# PilotNet SDNN Example

This tutorial demonstrates how to use __lava__ to perform inference on a PilotNet SDNN on both CPU and Loihi 2 neurocore.

![PilotNet Inference](images/pilotnet_sdnn.PNG)

The network receives video input, recorded from a dashboard camera of a driving car (__Dataloader__). The data is encoded efficiently as the difference between individual frames (__Encoder__). The data passes through the PilotNet SDNN, which was trained with __lava-dl__ and is built using its __Network Exchange__ module (netx.hdf5.Network), which automatically generates a Lava process from the training artifact.
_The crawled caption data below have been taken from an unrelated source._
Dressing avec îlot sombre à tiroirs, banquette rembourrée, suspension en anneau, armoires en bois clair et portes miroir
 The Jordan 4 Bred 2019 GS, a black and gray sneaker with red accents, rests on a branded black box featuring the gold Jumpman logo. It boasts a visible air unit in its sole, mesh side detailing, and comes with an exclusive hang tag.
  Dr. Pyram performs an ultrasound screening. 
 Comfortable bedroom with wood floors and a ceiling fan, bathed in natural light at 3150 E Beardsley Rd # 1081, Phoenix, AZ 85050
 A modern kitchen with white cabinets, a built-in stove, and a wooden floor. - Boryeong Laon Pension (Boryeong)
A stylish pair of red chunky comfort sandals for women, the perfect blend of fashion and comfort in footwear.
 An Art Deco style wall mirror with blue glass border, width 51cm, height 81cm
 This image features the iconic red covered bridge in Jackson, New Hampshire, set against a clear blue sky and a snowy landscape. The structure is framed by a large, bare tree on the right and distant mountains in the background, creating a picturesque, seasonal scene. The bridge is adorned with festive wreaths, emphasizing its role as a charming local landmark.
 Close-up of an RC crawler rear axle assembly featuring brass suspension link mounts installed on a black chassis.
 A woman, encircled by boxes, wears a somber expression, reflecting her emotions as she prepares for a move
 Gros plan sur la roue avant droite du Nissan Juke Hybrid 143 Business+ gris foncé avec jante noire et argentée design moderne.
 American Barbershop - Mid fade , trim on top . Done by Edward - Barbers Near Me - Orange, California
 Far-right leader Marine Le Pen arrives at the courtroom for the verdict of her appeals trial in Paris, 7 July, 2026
The network estimates the angle of the steering wheel of the car, which is decoded from the network's raw output (__Decoder__) and sent to a visualization (__Monitor__) and logging system (__Logger__).

The core of the tutorial is lava-dl's Network Exchange module, which is available as `lava.lib.dl.netx.{hdf5, blocks, utils}`.
* `hdf5` implements automatic network generation.
* `blocks` implements individual layer blocks.
* `utils` implements hdf5 reading utilities. 

In addition, it also demonstrates how different lava processes can be connected with each other for real time interaction between them even though the underlying processes can be run on various backends, including Loihi 2.

Switching between Loihi 2 hardware and CPU simulation is as simple as changing the run configuration settings.

In [1]:
import logging
import numpy as np
import matplotlib.pyplot as plt

from lava.magma.core.run_configs import Loihi2HwCfg
from lava.magma.core.run_conditions import RunSteps
from lava.proc import io

from lava.lib.dl import netx
from dataset import PilotNetDataset
from utils import PilotNetEncoder, PilotNetNxEncoderModel, get_input_transform

# Import modules for Loihi2 execution

Check if Loihi2 compiker is available and import related modules.

In [2]:
from lava.utils.system import Loihi2
Loihi2.preferred_partition = 'kp_stack'
loihi2_is_available = Loihi2.is_loihi2_available

# To remove
import os
# os.environ['BOARD'] = 'ncl-og-01'

if loihi2_is_available:
    # TODO: remove lava.utils.profiler in lava-nc
    from lava.utils import n3_profiler
    print(f'Running on {Loihi2.partition}')
    compression = io.encoder.Compression.DELTA_SPARSE_8
else:
    print("Loihi2 compiler is not available in this system. "
          "This tutorial will execute on CPU backend.")
    raise RuntimeError('Energy benchmarking is not supported in CPU execution.')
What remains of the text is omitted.